Could you have done any more reps? John: Yes I probably could have.
Me: So why did you stop?
John: Because I had done the 12 reps.
Any time I observe people training in the gym one of the main things I see lacking from their workout is intensity.
Most people in the gym wander around aimlessly performing x number of reps and x number of sets.
But how do you know if you have stimulated a positive change in your body?
If you are counting to 10 or 12 and then stopping when you reach your number then you most likely have not done much to stimulate a positive metabolic response.
This is because during an exercise the body uses a certain amount of muscle fibres to lift the resistance. If you stop before you have activated as many muscle fibres as possible then the body hasn’t received much stress and doesn’t need to change.
What’s needed is 100% effort to a point of completion or muscular failure. This may take 12 reps or 20 reps.
In practice this takes some motivation and is as much a mental effort as it is physical. The point when the muscle starts to get a little sore is when most people stop, but this is the most productive part of the movement! This is when you push or pull to completion to make sure you have used 100% of your strength.
Here comes the science part: Imagine the leg press exercise. Choose a weight that is appropriate and you begin to do as many good repetitions as possible. The resistance stays the same, but each succeeding repetition becomes harder and harder until it is impossible to move. You have reached fatigue.
Let’s look at this process. When you are under load the lower body muscles are working to try to continue the exercise, which takes a certain amount of muscle fibers. As it continues, the fibers that started the movement begin to fatigue and so more are now needed. This is called successive motor unit recruitment or the gradation response. Luckily there are more so the body continues to recruit new motor units until it is firing on all cylinders so to speak. This is when the movement begins to stop. Now you feel like stopping, but this is where you should continue to push/pull to make sure it is done. You have now performed an inroad of your available strength. The body perceives this as stress, and regular stress if you train frequently, and a need to change in order to cope with it next time.

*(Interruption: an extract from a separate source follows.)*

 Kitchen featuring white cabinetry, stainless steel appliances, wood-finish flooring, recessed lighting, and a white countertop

Supercompensation is the improvement in lean muscle tissue and strength gain as a result of the regular stress.
When I coach my clients they always tell me they would never push themselves this hard normally. This type of intensity normally takes a couple of workouts to build up to and unless you can really motivate yourself it’s very easy to stop short on an exercise.
Yes this isn’t easy but exercise isn’t meant to be a nice comfortable experience! If it is then it most likely won’t do much to change your body composition.

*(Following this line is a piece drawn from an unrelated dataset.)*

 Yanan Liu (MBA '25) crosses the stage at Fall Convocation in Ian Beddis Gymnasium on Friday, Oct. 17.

The benefit of training with 100% intensity on each set and rep is that it needs to be for a short period of time. This is the essence of High Intensity Training. Training harder but briefer and infrequently. Exercise sessions are maximum half an hour. I go into more detail on this in this post.

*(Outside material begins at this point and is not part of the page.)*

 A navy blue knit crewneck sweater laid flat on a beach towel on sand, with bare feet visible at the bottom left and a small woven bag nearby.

So the next time you train, try to complete as many reps as you can before you decide to terminate the set.
- A good range to shoot for is 8-12.
- Perform slow, controlled movements and no jerking of the resistance or using momentum to lift the weight. (Yes I’m talking to you arching your back on the barbell curls!)
- Lift a weight that you can control, Leave your ego at the doorstep!
As a wise man named Arthur Jones once said: “You can exercise alot or you can train hard but you cannot do both.”